■ Available data:
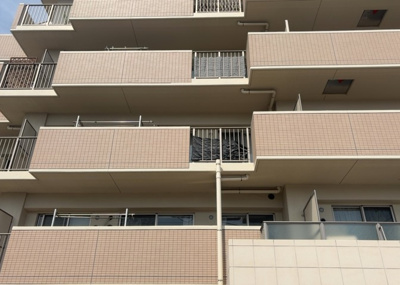 【現況写真】 | レヴィールファミリア上溝 | 道幅が広い場所は日当たりや風通が良好です。幅が広いのですれ違いも可能ですし大きな車でも駐車可能！一方で、大型車が通ることも多くなるため交通量の増加により騒音に繋がります。また土地の値段が高くなります。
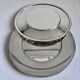 2 silver-plated charger plates, 28 cm in diameter.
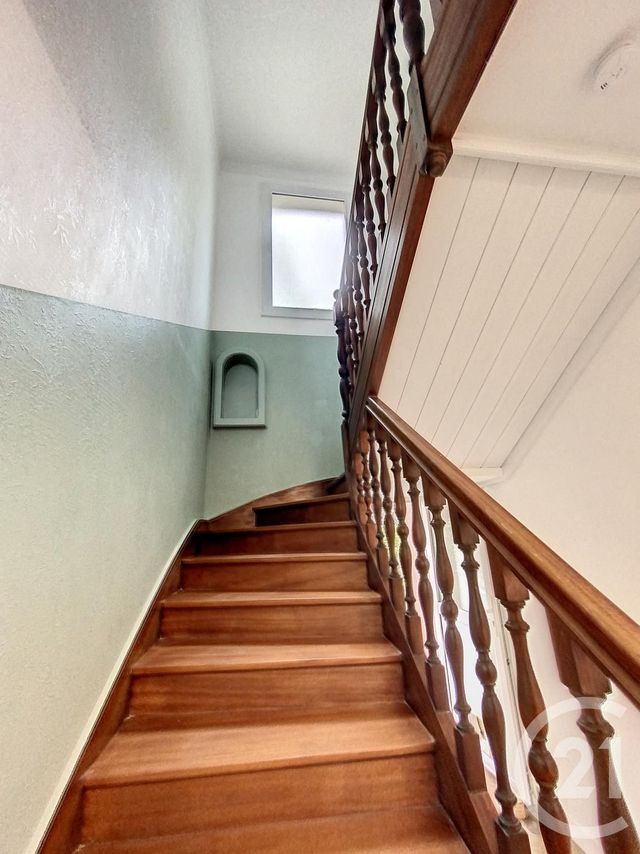 Appartement T7 &agrave; louer - 5 pi&egrave;ces - 103 m2 - Brest - 29 - BRETAGNE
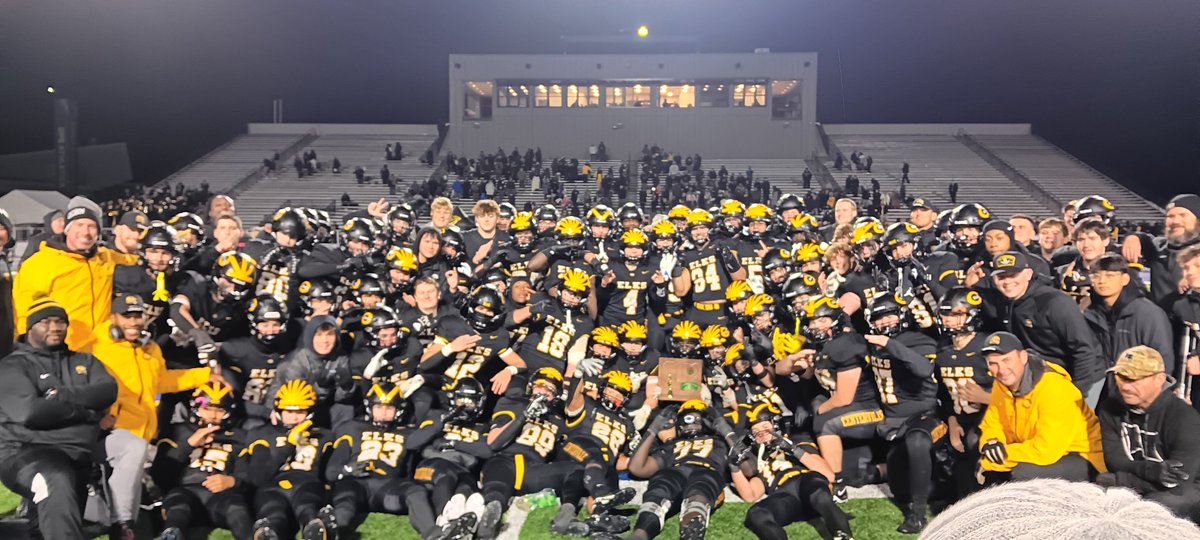 chselksad's tweet photo. Your Regional Champions! To say I am proud of these kids and coaches would be the understatement of the year! We now play Moeller in State Semis next Friday at 7 pm at site TBD https://t.co/tLbxLNRRDA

■ What you should do: Please reproduce all the material exactly. Pictures stay out of the copy.

■ Output of the task:
 【現況写真】 | レヴィールファミリア上溝 | 道幅が広い場所は日当たりや風通が良好です。幅が広いのですれ違いも可能ですし大きな車でも駐車可能！一方で、大型車が通ることも多くなるため交通量の増加により騒音に繋がります。また土地の値段が高くなります。
 2 silver-plated charger plates, 28 cm in diameter.
 Appartement T7 &agrave; louer - 5 pi&egrave;ces - 103 m2 - Brest - 29 - BRETAGNE
 chselksad's tweet photo. Your Regional Champions! To say I am proud of these kids and coaches would be the understatement of the year! We now play Moeller in State Semis next Friday at 7 pm at site TBD https://t.co/tLbxLNRRDA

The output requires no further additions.